**PROMPT:** Go to the line that contains "Load image into" and transcribe from there to the end of the entries, that line and the last one included.

**DATA UNDER STUDY:**
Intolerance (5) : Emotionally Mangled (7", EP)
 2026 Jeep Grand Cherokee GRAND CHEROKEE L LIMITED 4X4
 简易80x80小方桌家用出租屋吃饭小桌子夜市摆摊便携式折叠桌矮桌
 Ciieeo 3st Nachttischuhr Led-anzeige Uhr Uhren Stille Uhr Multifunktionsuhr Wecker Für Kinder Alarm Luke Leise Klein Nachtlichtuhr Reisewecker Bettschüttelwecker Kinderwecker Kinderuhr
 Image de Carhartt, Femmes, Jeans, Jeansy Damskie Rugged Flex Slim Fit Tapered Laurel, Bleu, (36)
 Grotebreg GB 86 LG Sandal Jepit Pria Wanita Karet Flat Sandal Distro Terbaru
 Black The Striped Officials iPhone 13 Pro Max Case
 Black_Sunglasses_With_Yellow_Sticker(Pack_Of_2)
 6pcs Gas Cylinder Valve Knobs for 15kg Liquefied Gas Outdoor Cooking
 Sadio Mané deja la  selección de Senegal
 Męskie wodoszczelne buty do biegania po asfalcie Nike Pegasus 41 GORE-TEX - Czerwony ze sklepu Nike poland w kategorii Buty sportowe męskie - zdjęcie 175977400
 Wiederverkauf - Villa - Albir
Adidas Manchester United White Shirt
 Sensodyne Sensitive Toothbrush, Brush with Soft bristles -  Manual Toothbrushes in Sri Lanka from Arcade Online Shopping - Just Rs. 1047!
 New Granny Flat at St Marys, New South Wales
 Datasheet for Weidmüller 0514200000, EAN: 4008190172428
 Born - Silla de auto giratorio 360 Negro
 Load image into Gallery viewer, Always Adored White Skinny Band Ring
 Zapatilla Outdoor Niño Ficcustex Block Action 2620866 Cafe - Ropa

**ANSWER AREA:**
 Load image into Gallery viewer, Always Adored White Skinny Band Ring
 Zapatilla Outdoor Niño Ficcustex Block Action 2620866 Cafe - Ropa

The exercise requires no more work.